Conference talks

View project on GitHub

TRACES winter school 2024

Introduction to machine learning in Python

Tutorial: This tutorial introduces how to use scikit-learn to craft predictive models using machine learning. It covers the basics of machine learning: the evaluation, give insights about linear models, tree-based models, discussed about hyperparameter tuning and finally goes a bit into confidence intervals prediction.

Tutorials repository Static course

Sample space podcast 2024

Imbalanced-learn: regrets and onwards

Abstract: Imbalanced-learn is one of the most popular scikit-learn projects out there. It has support for resampling techniques which historically have always been used for imbalanced classification use-cases. However, now that we are a few years down the line, it may be time to start rethinking the library. As it turns out, other techniques may be preferable.

Videos

Practical AI podcast 2024

scikit-learn & data science you own

Abstract: We are at GenAI saturation, so let’s talk about scikit-learn, a long time favorite for data scientists building classifiers, time series analyzers, dimensionality reducers, and more! Scikit-learn is deployed across industry and driving a significant portion of the “AI” that is actually in production. :probabl is a new kind of company that is stewarding this project along with a variety of other open source projects. Yann Lechelle and Guillaume Lemaitre share some of the vision behind the company and talk about the future of scikit-learn!

Podcast

ENGIE 2024

scikit-learn: community insights & latest features

Abstract: Insights regarding the scikit-learn community and some new features available in the latest versions.

Slides

PyData Paris 2024

An update on the latest scikit-learn features

Abstract: In this talk, we provide an update on the latest scikit-learn features that have been implemented in versions 1.4 and 1.5. We will particularly discuss the following features:

  • the metadata routing API allowing to pass metadata around estimators;
  • the TunedThresholdClassifierCV allowing to tuned operational decision through custom metric;
  • better support for categorical features and missing values;
  • interoperability of array and dataframe.

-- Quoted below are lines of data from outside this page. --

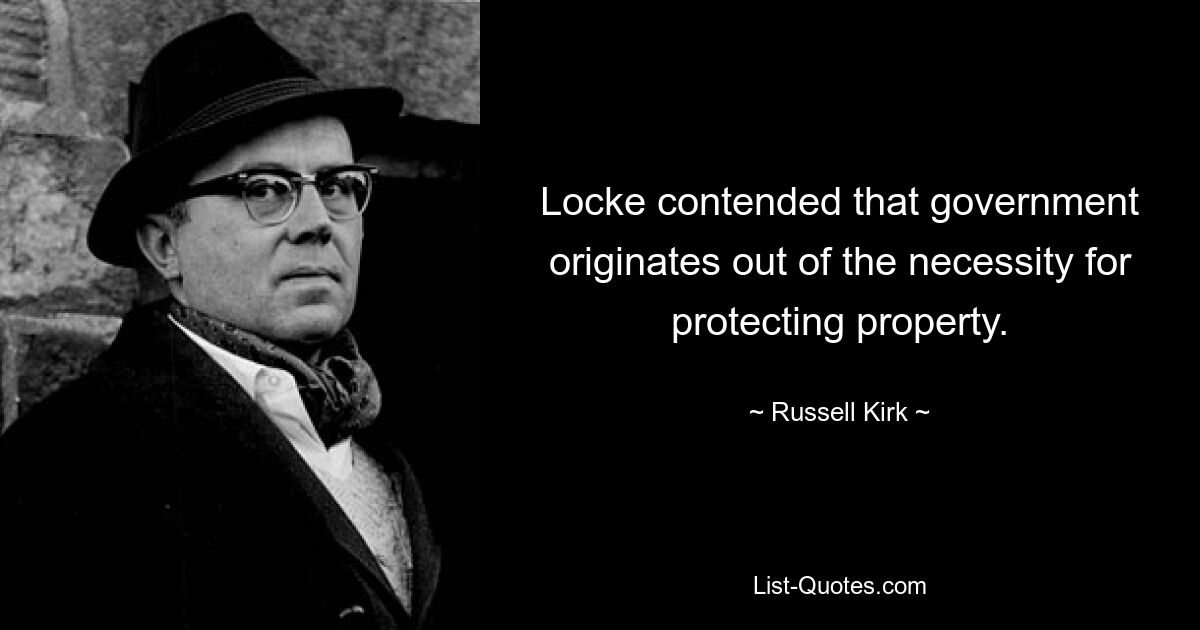 Locke contended that government originates out of the necessity for protecting property. — © Russell Kirk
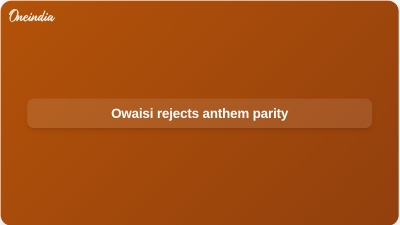 Owaisi rejects anthem parity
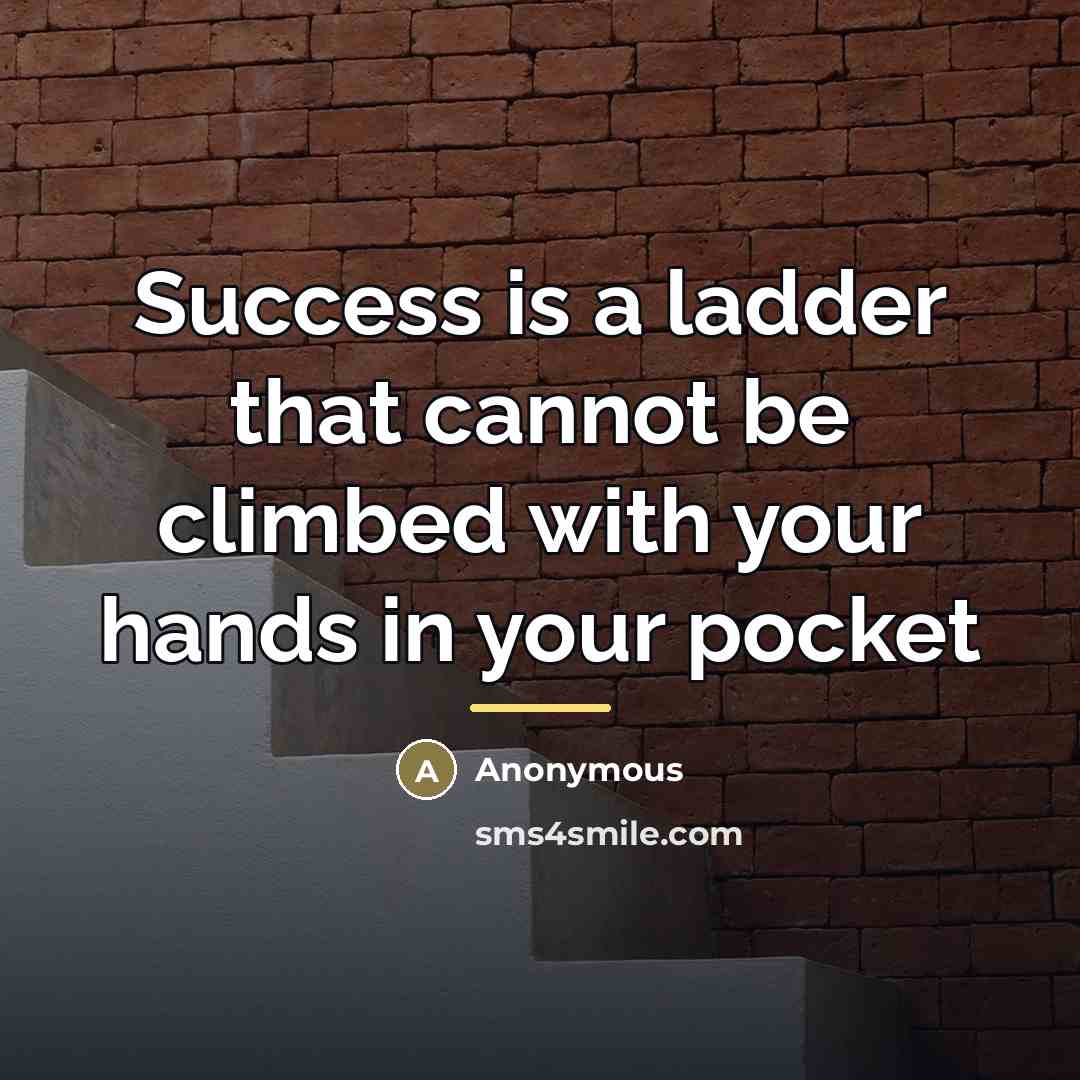 “Success is a ladder that cannot be climbed with your…” quote by Anonymous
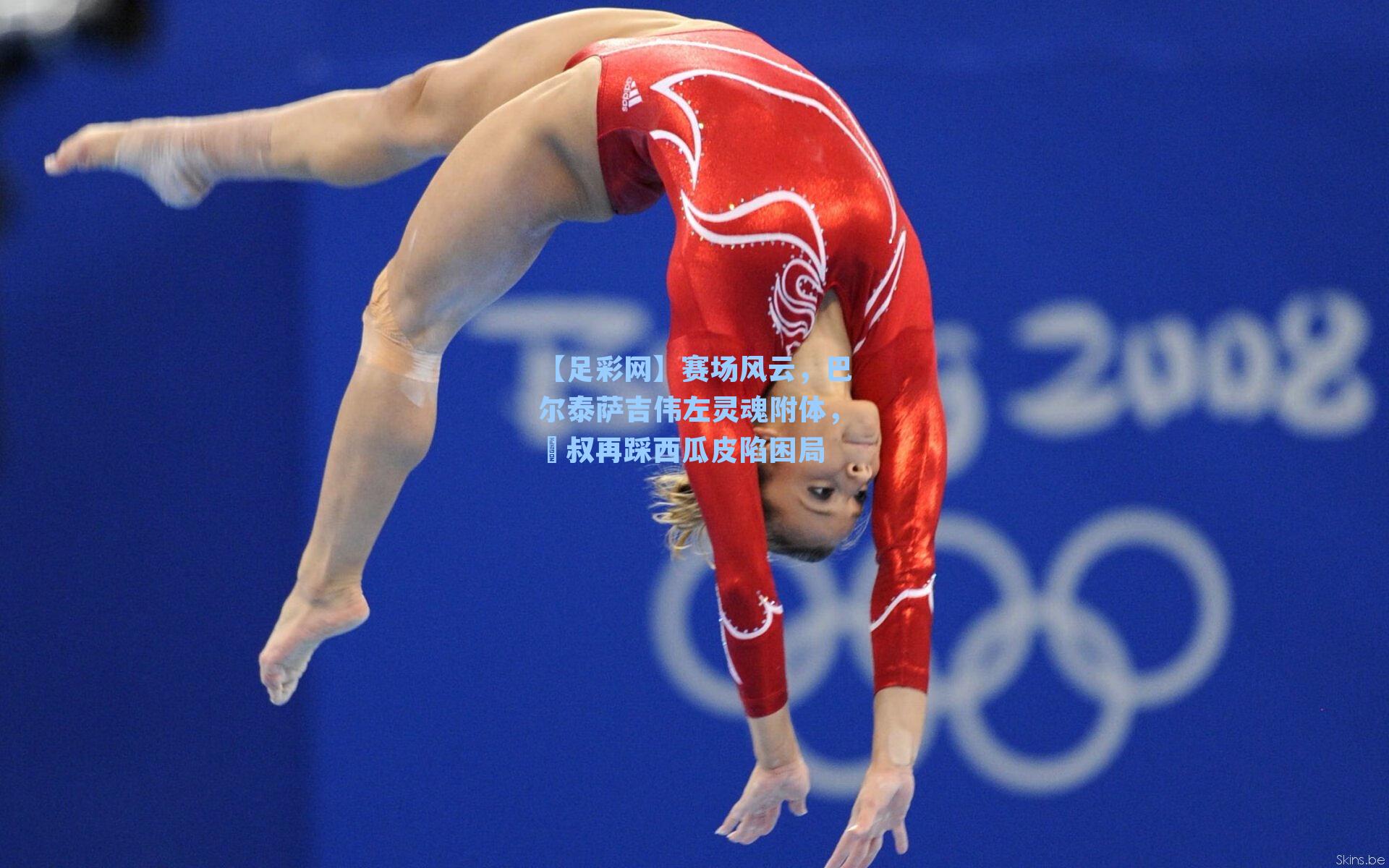 赛场风云，巴尔泰萨吉伟左灵魂附体，囧叔再踩西瓜皮陷困局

Slides Videos Tutorials repository

EuroSciPy 2024

Probabilistic classification and cost-sensitive learning with scikit-learn

Tutorial: Data scientists are repeatedly told that it is absolutely critical to align their model training methodology with a specific business objective. While being a rather good advice, it usually falls short on details on how to achieve this in practice.

This hands-on tutorial aims to introduce helpful theoretical concepts and concrete software tools to help them bridge this gap. This method will be illustrated on a worked practical use case: optimizing the operations of a fraud detection system for a payment processing platform.

More specifically, we will introduce the concepts of calibrated probabilistic classifiers, how to evaluate them and fix common causes of mis-calibration. In a second part, we will explore how to turn probabilistic classifiers into optimal business decision makers.

Slides Tutorials repository

DeepLabCut AI Residency 2024

scikit-learn: An OSS community-driven development

Abstract: This talk provides insights regarding the scikit-learn community and the development of the library.

Slides

Sacl-AI 2024

Introduction to machine learning in Python

Tutorial: This tutorial provides an introduction to machine learning in Python, notably using scikit-learn.

Tutorials repository

DataTalksClub podcast 2024

Insights regarding the scikit-learn project

Abstract: This podcast discusses some insights regarding the scikit-learn project and imbalanced-learn project.

Videos

PyCon Italia 2024

A Retrieval Augmented Generation system to query the scikit-learn documentation

Abstract: Rubber ducks are used for many years to help Pythonistas in their everyday quest. At scikit-learn, we’ve elevated ducky to another level: come and meet the scikit-learn Ragger Duck, a RAG system designed to answer all your scikit-learn questions – at least as effectively as a duck can.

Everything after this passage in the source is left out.